> **TASK INSTRUCTIONS**
For this exercise, please transcribe exactly and only the lines from the one containing "Maestra e la" through the end of the material, both ends included, without pictures.

> **GIVEN MATERIAL**
= = = = = = =

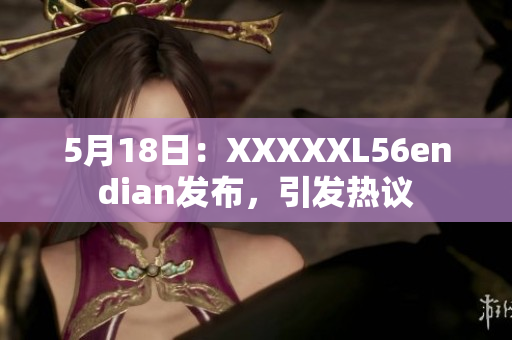 5月18日：XXXXXL56endian發(fā)布，引發(fā)熱議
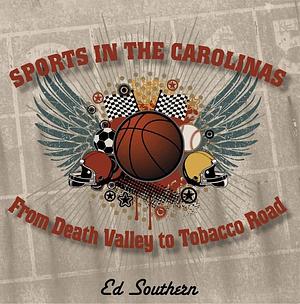 Sports in the Carolinas: From Death Valley to Tobacco Road by Ed Southern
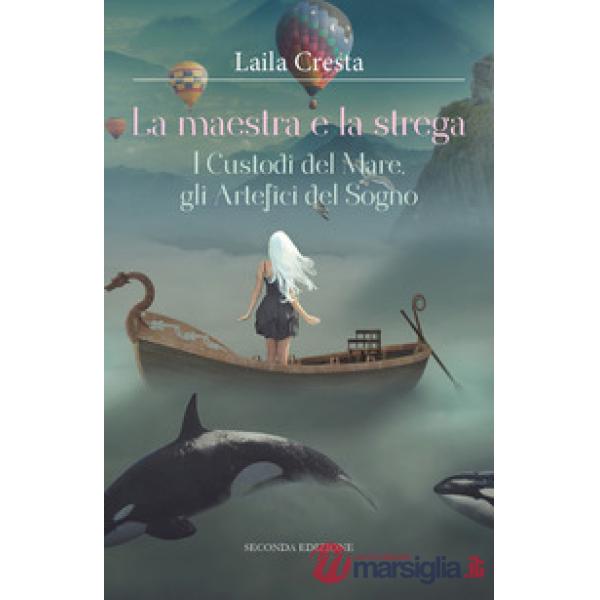 Maestra e la strega. I custodi del mare, gli artefici del sogno (La)
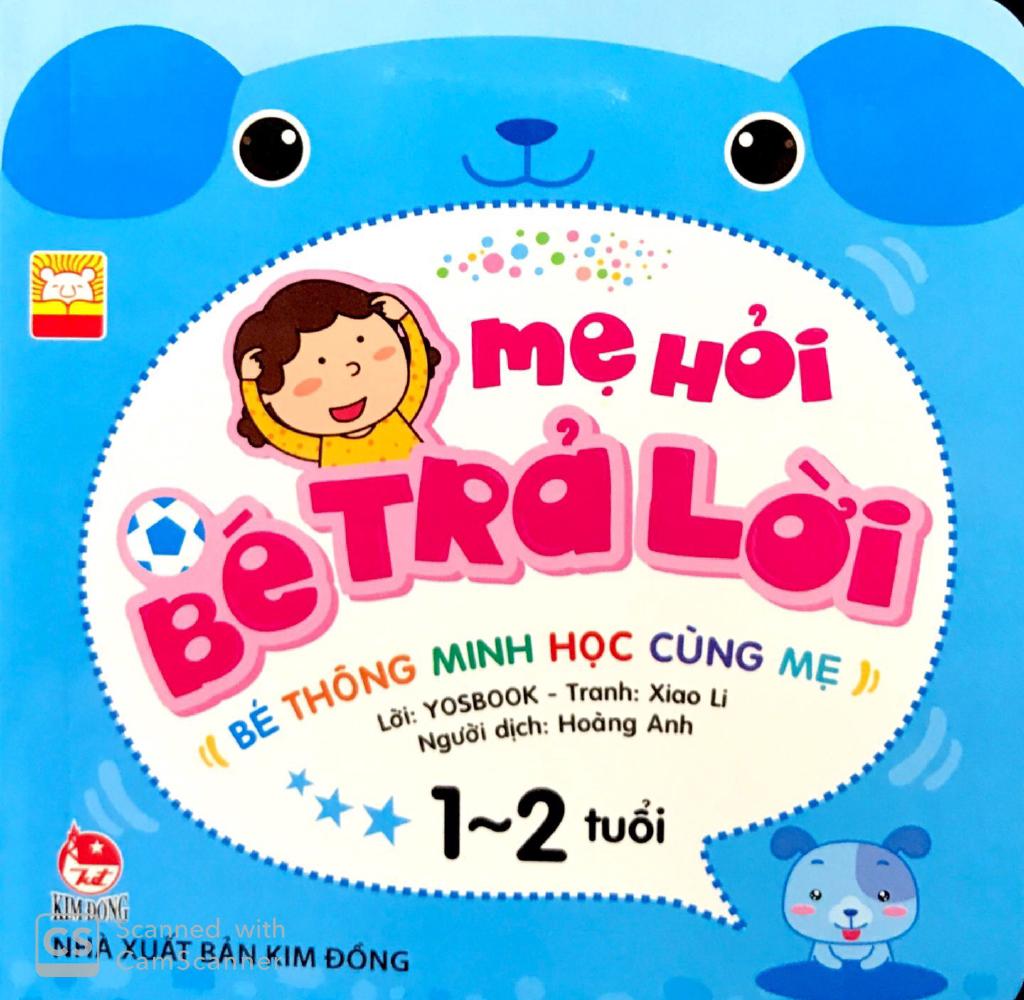Mẹ Hỏi Bé Trả Lời 1-2 Tuổi (Tái Bản)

= = = = = = =

> **RESPONSE AREA**
 Maestra e la strega. I custodi del mare, gli artefici del sogno (La)
Mẹ Hỏi Bé Trả Lời 1-2 Tuổi (Tái Bản)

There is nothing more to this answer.